The shoes of YSHS ninth-grader Aaliyah Longshaw display various Black Lives Matter themes, including the image of a raised black fist and the slogan,“Hands up, don’t shoot!”

“It really shows something about you, so people can see what you believe in,” Longshaw said.

Symbols of women and gender equality decorate the feet of Angie Smith, while Trey Anderson’s shoes will urge fans to “Save the Polar Bears.” And several basketball players chose themes related to climate change.

“First and foremost, our student athletes, their voice and opinions matter,” said YSHS Athletic Director Nate Baker in support of the project. “We are glad to come alongside them and give them a platform to express their opinions.”

The idea for the project came to Cormier, a first-year YSHS teacher, from the Vans Custom Culture Shoe Customization Contest, in which high school students decorated shoes — based on themes selected by the company — to compete for scholarship money. Her desire to pursue such a project coalesced during a project-based learning, or PBL, training last summer.

Cormier first reached out to Principal Hatert and Athletic Director Baker, after which the three worked to get the project off the ground. They contacted representatives of BSN Sports in Cincinnati, the school’s athletic equipment provider, to ask them to contact Nike, due to that company’s support of controversial NFL player Colin Kaepernick, asking for a donation of shoes. The company not only agreed, but offered a matching donation for every pair of shoes purchased. Nike ended up donating 11 pairs of shoes and YSHS paid for an additional 11 pairs, enough for both the girls’ and boys’ basketball teams.

A large chunk of funding for the project, estimated at $2,700, came from the Yellow Springs Endowment for Education grant from the Yellow Springs Community Foundation, which donated $1,320.75. The Yellow Springs Human Rights Commission and The 365 Project made smaller grants toward the project.

Student artists involved in the project were enthusiastic.

“I’ve always really liked the idea of painting where you are not supposed to paint, such as on clothing,” YSHS Senior Jude Meekin said. She feels the project opened doors for her regarding the possibilities of art.

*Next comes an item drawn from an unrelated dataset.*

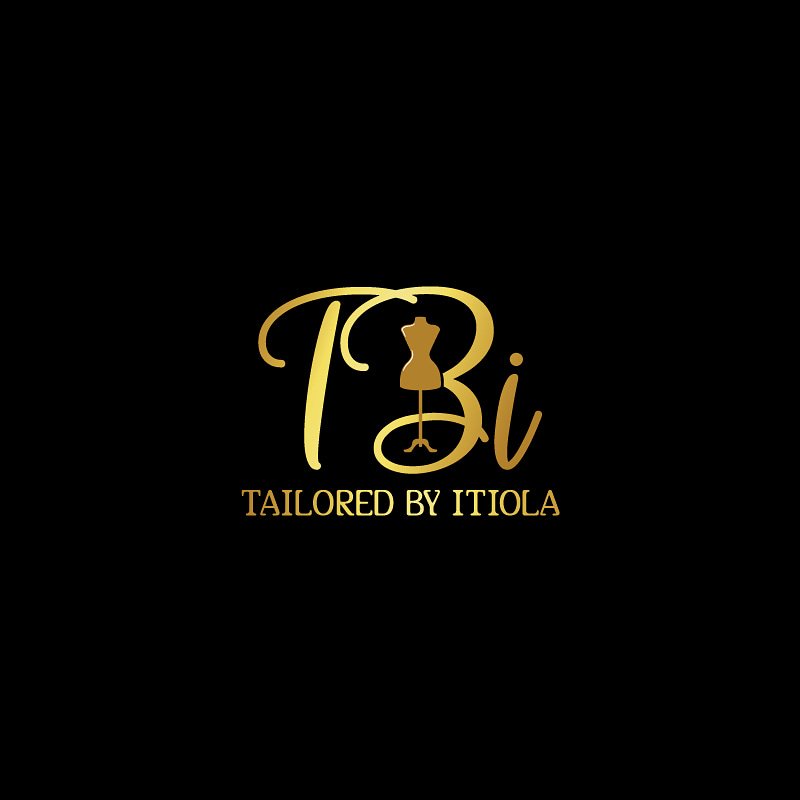 Logo design for @tailoredbyitiola! Please Retweet!
We are offering amazing discounts on all brand logo design! #logodesigner #Logo #Nigeria #lagos #GraphicDesign #GraphicDesigner #branding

Junior Sumayah Chappelle, also in the advanced art class, enjoys fashion and the aesthetics of clothing, so she especially appreciated making art to be worn, using clothing as a platform for student creativity as well as athletes’ support for good causes. She created the decorations for the shoes of Haneefah Jones, a Muslim African-American student who wanted to express different aspects of her life. To do so, Chappelle and Jones designed an empowerment theme that incorporates both Spiderman and a woman in a hijab, along with the words “Bam” and “Boom.”

Photo by Carla Steiger

Photo by Carla Steiger

Other benefits of the project include that the art students tackled a difficult project, Cormier said, because it’s not easy to collaborate with a client to convey in a design that client’s chosen message.

“I think that my students found a new confidence in themselves as artists completing a project that was by no means easy,” she said.

Hatert is making sure that the project lives on at the school, having foam boards created with images from the project permanently displayed at the high school.

To Hatert, the “If You Were In My Shoes” project is a perfect example of students doing work that reflects the values of students and the community. And Nike executives, who received photos of the decorated sneakers, were “blown away” by the project, he said.

“How cool is it that our students were a topic for their discussion?” Hatert said.

*Steiger is a local artist and writer.